The book has little in the way of data or supporting evidence for its contentions, particularly with respect to deregulation. We are told the exact number of demonstrators dragged off the site of a protest at a nuclear power plant (1,414), but we are never told the numbers which might show that deregulation will raise the cost to consumers, though we are told that detailed studies have been done demonstrating just this.

The author also does little to present an alternative plan, being far more interested in attacking his opponents. The chapter on solar and wind energy is almost an afterthought, and energy efficiency gets perhaps a paragraph. There is nothing on how a plan using alternative energy systems might be implemented. In contrast, two chapters are dedicated to attacking nuclear power.

In the end, this book is an interesting propaganda pamphlet, but will do little to inform the public about the pros and cons of utility deregulation.

Rating: 5 stars
Summary: Hits the Nail On the Head
Review: Having been has been involved on both sides of the energy equation exploring for oil, gas and geothermal resources using seismic and magneto-telluric methods and working for the utility industry in coal, natural gas, and nuclear power plants, I can say that Harvey Wasserman has written a book that details exactly how and why we're in the mess we're in.

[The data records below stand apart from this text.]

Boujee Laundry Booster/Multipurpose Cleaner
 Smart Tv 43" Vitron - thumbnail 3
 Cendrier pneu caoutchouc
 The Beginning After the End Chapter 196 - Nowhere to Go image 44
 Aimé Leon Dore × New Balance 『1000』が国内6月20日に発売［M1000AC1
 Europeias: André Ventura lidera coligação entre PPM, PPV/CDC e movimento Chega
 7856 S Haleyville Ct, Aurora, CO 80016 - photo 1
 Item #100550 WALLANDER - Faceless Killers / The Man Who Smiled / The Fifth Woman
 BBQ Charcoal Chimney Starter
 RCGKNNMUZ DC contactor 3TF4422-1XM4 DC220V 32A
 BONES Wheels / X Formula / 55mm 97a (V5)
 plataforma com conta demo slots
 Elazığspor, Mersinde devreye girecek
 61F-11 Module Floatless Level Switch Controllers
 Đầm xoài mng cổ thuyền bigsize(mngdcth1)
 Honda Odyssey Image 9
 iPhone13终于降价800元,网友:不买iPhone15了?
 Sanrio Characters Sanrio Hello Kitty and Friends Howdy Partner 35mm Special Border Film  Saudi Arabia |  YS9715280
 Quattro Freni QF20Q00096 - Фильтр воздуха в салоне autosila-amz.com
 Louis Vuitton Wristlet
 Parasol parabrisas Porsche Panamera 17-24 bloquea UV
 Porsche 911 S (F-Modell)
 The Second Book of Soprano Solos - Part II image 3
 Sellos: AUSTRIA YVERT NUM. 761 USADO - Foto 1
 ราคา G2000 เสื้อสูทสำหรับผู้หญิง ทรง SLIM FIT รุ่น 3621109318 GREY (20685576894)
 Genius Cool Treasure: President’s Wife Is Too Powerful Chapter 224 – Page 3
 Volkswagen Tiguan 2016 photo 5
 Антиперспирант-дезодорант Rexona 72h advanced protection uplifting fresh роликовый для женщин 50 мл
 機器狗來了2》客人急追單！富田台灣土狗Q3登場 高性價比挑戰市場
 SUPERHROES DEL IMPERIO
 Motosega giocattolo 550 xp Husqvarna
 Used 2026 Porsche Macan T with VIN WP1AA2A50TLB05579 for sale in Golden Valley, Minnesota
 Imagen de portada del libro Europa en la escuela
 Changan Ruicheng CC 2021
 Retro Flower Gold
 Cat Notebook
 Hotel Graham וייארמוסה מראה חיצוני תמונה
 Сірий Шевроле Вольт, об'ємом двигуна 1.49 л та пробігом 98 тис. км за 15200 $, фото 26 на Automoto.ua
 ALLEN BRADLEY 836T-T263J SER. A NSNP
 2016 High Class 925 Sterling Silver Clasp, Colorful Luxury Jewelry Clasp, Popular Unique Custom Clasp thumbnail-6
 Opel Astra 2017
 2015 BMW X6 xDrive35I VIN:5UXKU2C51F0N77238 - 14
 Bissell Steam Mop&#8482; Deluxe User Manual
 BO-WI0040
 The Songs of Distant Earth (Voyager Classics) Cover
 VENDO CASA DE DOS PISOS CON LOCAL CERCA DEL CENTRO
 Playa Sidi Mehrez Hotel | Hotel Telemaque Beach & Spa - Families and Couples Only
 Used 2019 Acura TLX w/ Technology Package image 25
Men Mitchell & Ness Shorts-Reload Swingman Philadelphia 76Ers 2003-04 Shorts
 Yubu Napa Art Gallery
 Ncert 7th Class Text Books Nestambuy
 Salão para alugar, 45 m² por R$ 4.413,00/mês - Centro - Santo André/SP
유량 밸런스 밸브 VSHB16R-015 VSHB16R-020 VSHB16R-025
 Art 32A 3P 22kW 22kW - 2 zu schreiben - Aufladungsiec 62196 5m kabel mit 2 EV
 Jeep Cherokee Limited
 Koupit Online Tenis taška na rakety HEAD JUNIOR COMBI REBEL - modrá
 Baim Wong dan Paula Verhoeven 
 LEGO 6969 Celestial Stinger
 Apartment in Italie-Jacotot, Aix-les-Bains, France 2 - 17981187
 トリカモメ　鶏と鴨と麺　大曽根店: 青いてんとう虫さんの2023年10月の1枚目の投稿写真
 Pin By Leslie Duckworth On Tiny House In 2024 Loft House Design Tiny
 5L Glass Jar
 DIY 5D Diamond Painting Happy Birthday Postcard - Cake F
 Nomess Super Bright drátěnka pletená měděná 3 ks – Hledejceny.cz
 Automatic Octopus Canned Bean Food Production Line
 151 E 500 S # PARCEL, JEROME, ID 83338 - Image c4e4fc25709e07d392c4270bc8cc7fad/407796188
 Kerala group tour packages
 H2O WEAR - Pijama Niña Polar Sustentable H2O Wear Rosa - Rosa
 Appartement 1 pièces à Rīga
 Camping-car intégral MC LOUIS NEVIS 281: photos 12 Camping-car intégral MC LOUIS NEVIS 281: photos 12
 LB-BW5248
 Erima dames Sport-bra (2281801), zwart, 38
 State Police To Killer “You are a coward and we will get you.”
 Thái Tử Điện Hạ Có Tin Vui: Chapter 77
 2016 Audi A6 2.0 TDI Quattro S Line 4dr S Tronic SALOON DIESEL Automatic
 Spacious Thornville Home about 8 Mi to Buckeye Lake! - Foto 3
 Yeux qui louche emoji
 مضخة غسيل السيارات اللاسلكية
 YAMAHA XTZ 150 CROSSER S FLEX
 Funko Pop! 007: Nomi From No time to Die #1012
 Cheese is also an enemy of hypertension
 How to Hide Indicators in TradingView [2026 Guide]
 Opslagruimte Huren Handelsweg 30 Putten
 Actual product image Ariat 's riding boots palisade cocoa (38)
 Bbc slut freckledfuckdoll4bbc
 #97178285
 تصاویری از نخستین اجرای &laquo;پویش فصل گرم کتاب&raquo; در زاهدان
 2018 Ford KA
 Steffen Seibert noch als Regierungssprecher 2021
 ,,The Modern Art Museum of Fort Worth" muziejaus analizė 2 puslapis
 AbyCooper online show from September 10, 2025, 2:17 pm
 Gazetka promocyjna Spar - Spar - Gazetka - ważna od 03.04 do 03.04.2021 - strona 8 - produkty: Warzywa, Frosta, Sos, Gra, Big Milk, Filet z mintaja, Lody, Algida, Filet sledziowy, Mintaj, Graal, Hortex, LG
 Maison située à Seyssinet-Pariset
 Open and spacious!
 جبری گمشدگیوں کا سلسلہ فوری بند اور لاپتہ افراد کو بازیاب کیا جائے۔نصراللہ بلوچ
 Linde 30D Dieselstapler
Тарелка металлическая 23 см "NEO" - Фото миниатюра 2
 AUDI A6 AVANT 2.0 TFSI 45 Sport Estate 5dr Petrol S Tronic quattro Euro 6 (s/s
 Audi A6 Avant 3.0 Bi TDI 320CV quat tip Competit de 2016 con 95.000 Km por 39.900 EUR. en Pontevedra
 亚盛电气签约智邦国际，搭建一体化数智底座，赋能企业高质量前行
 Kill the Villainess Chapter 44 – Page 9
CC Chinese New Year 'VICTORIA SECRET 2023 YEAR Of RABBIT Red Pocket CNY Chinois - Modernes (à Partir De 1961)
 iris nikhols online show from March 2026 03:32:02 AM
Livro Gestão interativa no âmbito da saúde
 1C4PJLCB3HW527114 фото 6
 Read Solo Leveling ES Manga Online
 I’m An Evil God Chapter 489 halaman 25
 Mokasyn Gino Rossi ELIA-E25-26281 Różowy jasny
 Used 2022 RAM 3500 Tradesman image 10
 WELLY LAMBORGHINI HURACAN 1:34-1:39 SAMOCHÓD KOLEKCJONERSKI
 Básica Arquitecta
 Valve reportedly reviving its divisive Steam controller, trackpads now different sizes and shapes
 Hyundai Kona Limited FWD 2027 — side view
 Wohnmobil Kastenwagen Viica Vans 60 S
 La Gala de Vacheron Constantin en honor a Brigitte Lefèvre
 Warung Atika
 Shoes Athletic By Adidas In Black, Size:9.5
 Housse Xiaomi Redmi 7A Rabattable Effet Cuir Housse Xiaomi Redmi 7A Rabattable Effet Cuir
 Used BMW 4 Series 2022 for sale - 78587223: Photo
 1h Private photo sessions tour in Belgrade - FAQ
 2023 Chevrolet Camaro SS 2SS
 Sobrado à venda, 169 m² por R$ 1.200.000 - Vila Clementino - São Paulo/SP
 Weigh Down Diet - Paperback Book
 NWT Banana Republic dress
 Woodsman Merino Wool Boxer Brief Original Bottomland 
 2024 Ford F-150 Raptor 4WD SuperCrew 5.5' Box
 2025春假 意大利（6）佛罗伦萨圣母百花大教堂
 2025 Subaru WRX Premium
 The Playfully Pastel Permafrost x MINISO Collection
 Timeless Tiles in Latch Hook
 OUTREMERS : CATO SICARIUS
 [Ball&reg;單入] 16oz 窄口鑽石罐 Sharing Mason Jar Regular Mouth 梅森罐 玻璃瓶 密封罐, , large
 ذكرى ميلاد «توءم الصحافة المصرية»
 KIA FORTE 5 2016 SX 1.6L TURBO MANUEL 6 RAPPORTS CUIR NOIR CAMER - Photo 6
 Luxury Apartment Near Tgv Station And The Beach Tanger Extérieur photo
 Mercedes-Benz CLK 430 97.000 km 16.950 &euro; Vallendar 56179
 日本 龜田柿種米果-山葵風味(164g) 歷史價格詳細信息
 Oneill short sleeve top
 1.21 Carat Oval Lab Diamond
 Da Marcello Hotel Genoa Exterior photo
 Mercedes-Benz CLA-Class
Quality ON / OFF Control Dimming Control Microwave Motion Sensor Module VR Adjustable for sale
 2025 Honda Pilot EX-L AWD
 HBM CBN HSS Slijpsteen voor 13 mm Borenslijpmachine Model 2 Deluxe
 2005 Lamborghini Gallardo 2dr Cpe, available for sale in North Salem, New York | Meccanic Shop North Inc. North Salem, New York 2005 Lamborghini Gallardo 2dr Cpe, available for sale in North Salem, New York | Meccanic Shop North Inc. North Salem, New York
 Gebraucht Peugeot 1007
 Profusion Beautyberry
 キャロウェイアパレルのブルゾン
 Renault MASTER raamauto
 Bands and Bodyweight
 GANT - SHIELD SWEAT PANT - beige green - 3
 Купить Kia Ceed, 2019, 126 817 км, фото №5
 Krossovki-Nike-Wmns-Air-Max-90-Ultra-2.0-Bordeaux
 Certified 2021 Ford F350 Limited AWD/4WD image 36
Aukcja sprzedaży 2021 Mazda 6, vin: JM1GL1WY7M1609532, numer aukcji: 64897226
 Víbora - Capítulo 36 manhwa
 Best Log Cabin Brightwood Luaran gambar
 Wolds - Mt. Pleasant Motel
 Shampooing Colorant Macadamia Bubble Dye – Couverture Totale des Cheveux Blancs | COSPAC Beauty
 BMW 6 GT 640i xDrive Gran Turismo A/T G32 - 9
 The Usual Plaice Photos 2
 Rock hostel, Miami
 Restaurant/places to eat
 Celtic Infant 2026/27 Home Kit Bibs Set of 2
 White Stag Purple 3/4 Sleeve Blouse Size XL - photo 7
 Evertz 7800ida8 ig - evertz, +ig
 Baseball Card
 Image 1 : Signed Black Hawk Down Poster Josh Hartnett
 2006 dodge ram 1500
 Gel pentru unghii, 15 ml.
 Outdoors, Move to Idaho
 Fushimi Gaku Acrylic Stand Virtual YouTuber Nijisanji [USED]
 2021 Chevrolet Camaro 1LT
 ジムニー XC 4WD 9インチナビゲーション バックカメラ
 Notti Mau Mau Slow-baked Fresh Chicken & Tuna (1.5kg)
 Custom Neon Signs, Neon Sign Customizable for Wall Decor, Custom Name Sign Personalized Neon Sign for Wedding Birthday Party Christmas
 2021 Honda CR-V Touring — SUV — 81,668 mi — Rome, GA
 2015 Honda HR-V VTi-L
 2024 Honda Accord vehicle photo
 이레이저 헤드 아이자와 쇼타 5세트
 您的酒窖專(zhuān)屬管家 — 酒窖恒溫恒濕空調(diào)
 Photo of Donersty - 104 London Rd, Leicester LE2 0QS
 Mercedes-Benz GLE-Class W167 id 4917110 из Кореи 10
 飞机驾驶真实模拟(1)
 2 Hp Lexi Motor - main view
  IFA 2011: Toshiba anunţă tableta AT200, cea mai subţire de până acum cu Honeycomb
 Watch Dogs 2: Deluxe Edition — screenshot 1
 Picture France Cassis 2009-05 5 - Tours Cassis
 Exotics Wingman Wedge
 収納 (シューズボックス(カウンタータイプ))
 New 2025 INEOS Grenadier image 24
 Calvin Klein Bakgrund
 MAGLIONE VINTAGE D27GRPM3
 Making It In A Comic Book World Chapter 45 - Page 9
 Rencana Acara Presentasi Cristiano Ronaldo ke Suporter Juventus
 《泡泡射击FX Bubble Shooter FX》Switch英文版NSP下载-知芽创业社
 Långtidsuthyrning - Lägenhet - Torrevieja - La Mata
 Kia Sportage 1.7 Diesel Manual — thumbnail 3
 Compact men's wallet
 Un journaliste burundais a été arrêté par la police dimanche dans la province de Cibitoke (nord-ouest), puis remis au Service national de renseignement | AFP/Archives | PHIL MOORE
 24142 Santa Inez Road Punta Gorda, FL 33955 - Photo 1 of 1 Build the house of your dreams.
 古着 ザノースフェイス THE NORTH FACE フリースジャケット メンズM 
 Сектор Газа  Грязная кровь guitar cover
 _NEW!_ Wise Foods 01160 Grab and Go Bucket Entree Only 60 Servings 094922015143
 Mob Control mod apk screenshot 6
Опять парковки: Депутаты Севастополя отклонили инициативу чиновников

This book is primer for anyone who wants a breif history of the utility industry. It begs the question of when the public will wake up and take back what corporations have stolen from us.

Rating: 5 stars
Summary: Essential background for the mess we're now in
Review: I read Harvey's book when it first came out. I'm not an expert on this subject, but the issues he raised in a highly accessable style worried me, although no one was talking about them at the time. Now, they're front page headlines. We think these decisions just happen, then discover when we read a book like this, that they're product of huge political interests, and that we, the ordinary citizens, pay the toll.

A wonderful rallying cry for a more democratic approach to key energy issues.

Paul Loeb Author Soul of a Citizen: Living With Conviction in a Cynical Time [www.soulofacitizen.org]

Rating: 4 stars
Summary: Good, concise history of electric industry deregulation
Review: My only significant criticism of the book is that it is a somewhat one-dimensional assessment of a multifaceted phenomenon. While the issue of restructuring the electric industry is complex, and the economic drivers are deeper than Wasserman details in the book, the book is still an absorbing assessment of the impact that occurred when the electric utility industry embraced commercial nuclear energy. "Too cheap to meter," was the mantra of the 1950's. Well, we all have a basic energy became, in some respects, a tremendous white elephant for the industry and it's regulators. Wasserman opines that the investment required was enormous, and the return has never been completely realized either in economic, social, or environmental benefit.



Rating: 4 stars
Summary: Good alternative view point
Review: The author does a good job explaining how the deregulation has allowed the utilities to push the cost of their investment decisions on to their customers and taxpayers. Read it with an open mind and take it as one opinion in the deregulation debate.